Personal information
- Full name: Alfred George Kinvig
- Born: 16 March 1874 Dunedin, Otago, New Zealand
- Died: 15 February 1965 (aged 90) Christchurch, Canterbury, New Zealand
- Batting: Left-handed

Domestic team information
- 1893/94–1898/99: Otago
- 1901/02–1903/04: Canterbury
- Source: ESPNcricinfo, 15 May 2016

= Alfred Kinvig =

New Zealand cricketer

Alfred George Kinvig (16 March 1874 - 15 February 1965) was a New Zealand cricketer and bowler. He played first-class cricket for Otago between 1893–94 and 1898–99 and for Canterbury between the 1901–02 and 1903–04 seasons, and won national recognition as a bowler.

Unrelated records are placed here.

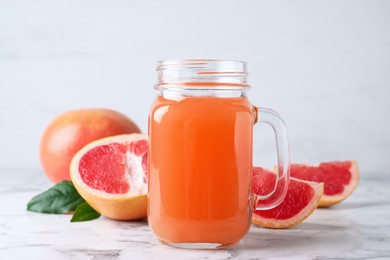 Photo of Tasty freshly made grapefruit juice on white marble table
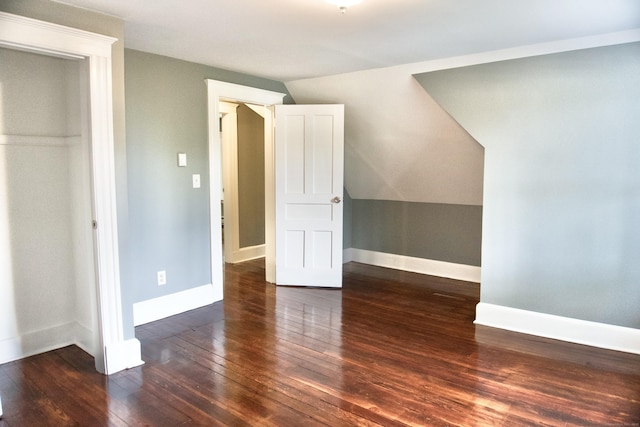 10 Fleming St, Waterbury, CT 06710 - unfurnished bedroom with hardwood / wood-style floors, vaulted ceiling, baseboards, and a closet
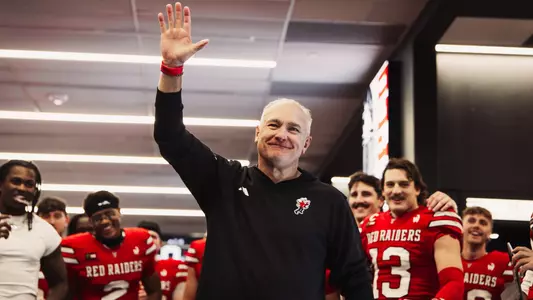 Joey McGuire raises his hand prior to addressing the Red Raiders in the locker room following Texas Tech's win over Arizona State.
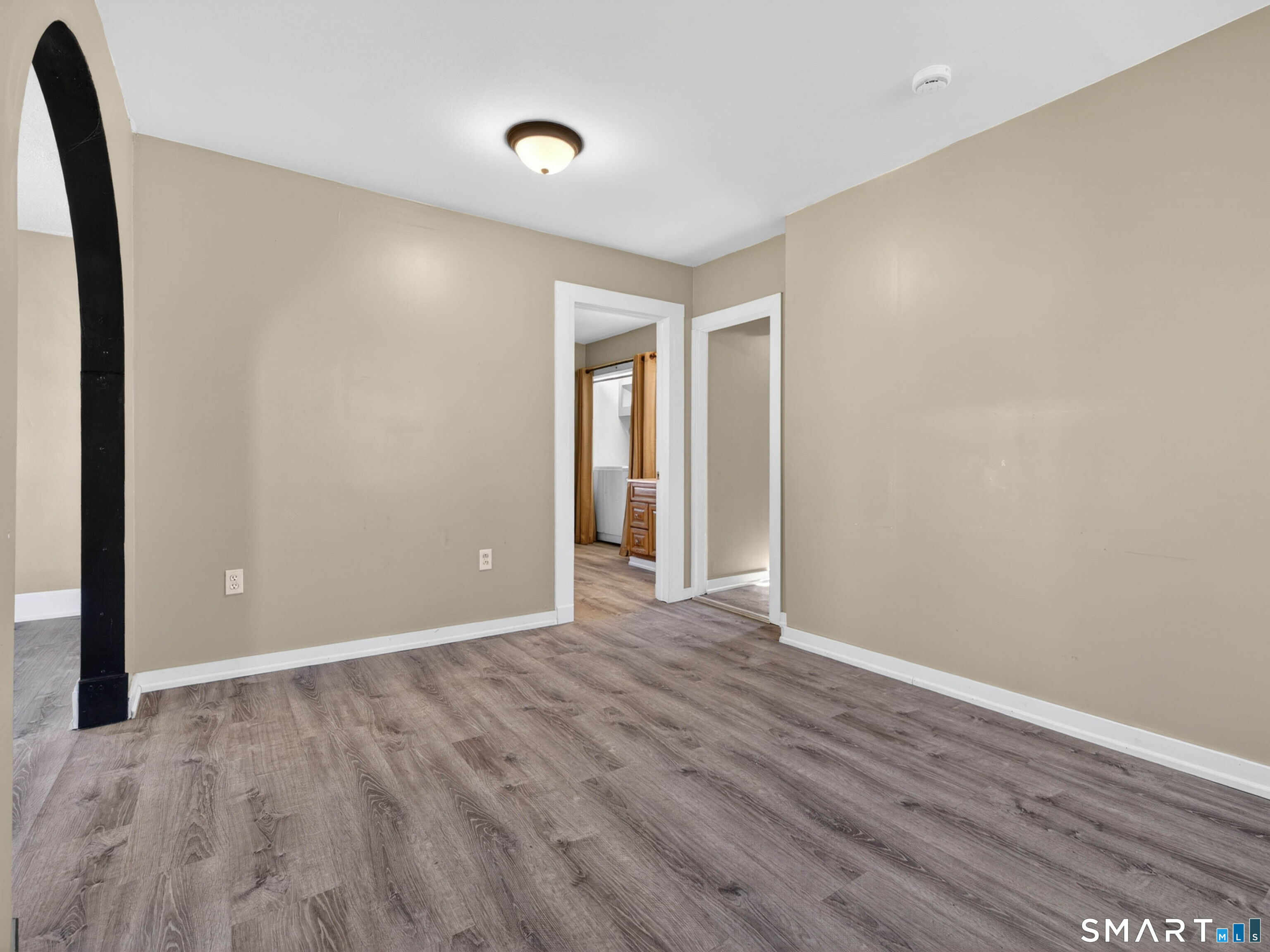 97 Woodland Street Meriden, CT 06451 - Photo 12 of 35 an empty room with wooden floor and windows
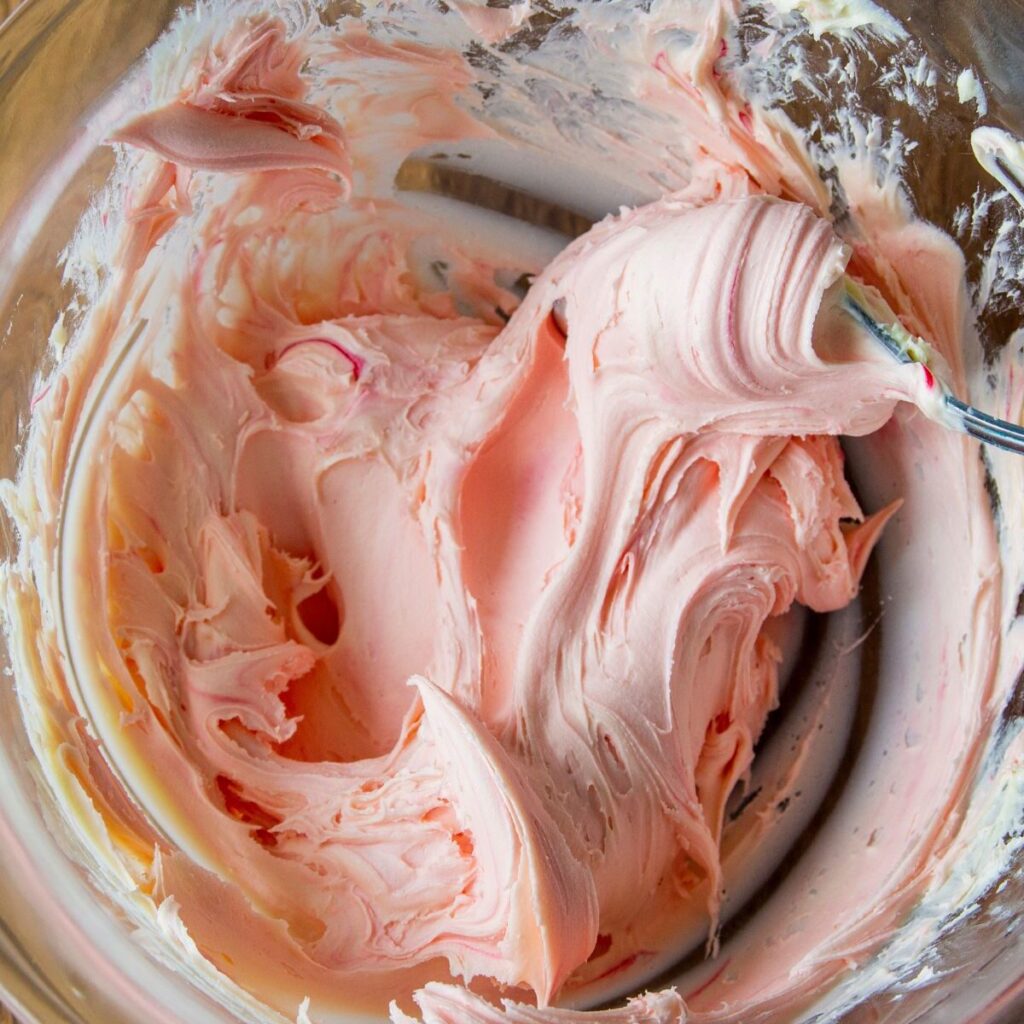 Making the fresh strawberry frosting for the mini chocolate cakes.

Kinvig was born at Dunedin in 1874 and in 1893 was a founder member of Dunedin Cricket Club. Described as "a particularly accomplished cricketer" who played as an all-rounder, Kinvig made his first-class debut for Otago in February 1894, playing against Hawke's Bay in a match at Carisbrook, and played in a total of seven first-class matches for the representative team. He also played in a non-first-class match against the touring Australian side in November 1896.

After moving to Christchurch, he played another three first-class matches for Canterbury, one in each season from 1901–02 to 1903–04, and played club cricket for the Sydenham-Addington club. He began playing lawn bowls in 1916, gaining a reputation as an excellent bowler throughout New Zealand. He was described as "outstanding" and won the national pairs championship in 1929 and was the sixth player to be awarded a gold star at the Christchurch Bowls Centre. He played frequently in a pair with Henry Wilson, a former All Black who had played first-class cricket for Hawke's Bay.

Kinvig worked as a clerk. He and his wife, Emma, had four children. He died at Christchurch in 1965 aged 90.